YOUR INSTRUCTIONS = No pictures go into the copy. Write out exactly the lines below from the one containing "India flag flying" through the one containing "A person is".

#### PROVIDED INFORMATION

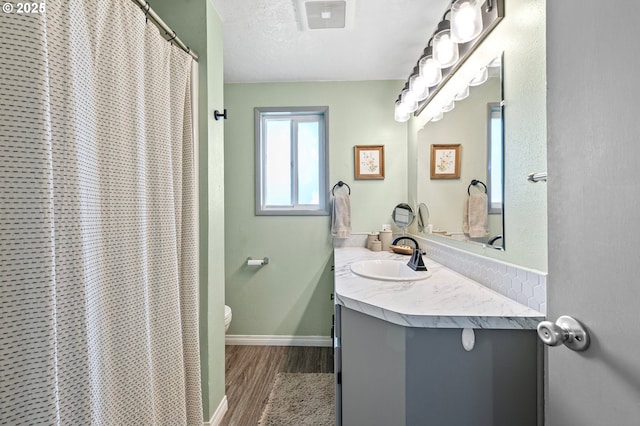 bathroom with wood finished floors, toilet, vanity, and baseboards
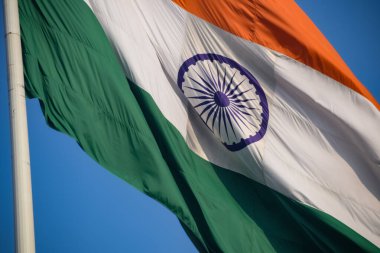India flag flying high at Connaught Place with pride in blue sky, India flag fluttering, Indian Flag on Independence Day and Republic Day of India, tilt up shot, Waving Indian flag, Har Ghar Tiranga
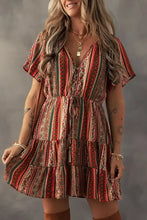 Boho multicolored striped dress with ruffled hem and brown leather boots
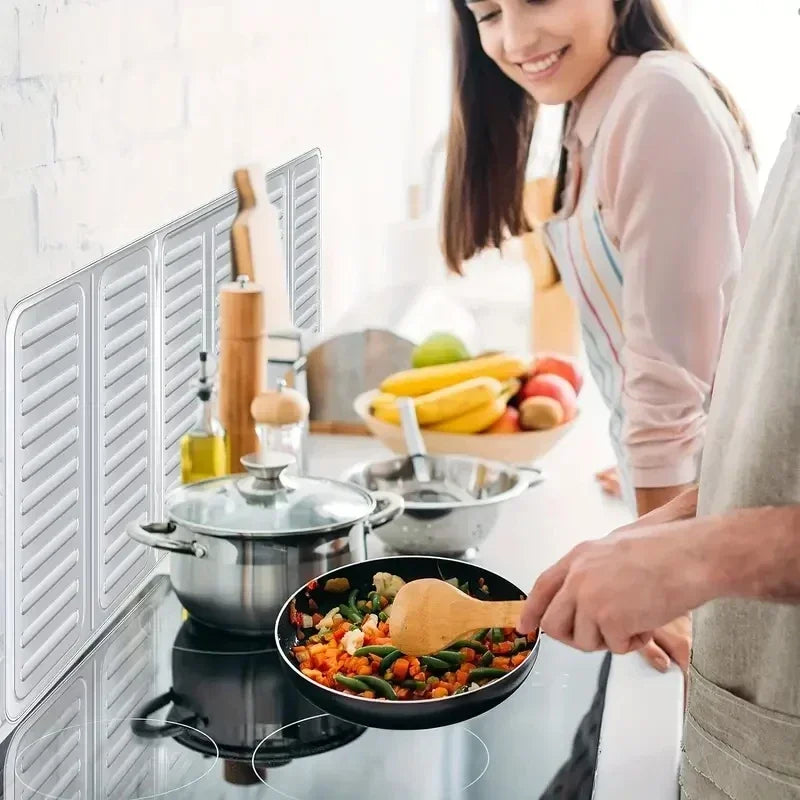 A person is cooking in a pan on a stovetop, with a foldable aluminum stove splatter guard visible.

########
#### PROVIDED INFORMATION

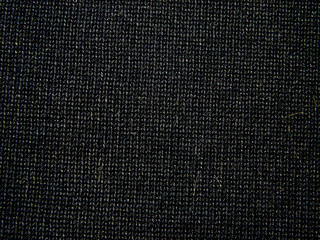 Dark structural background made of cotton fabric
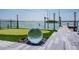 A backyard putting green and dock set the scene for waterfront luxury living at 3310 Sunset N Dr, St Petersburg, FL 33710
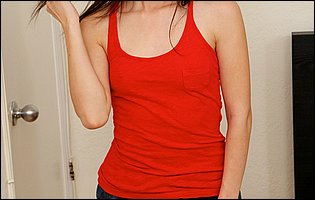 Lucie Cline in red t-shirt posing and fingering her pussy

########

RESULT =
India flag flying high at Connaught Place with pride in blue sky, India flag fluttering, Indian Flag on Independence Day and Republic Day of India, tilt up shot, Waving Indian flag, Har Ghar Tiranga
 Boho multicolored striped dress with ruffled hem and brown leather boots
 A person is cooking in a pan on a stovetop, with a foldable aluminum stove splatter guard visible.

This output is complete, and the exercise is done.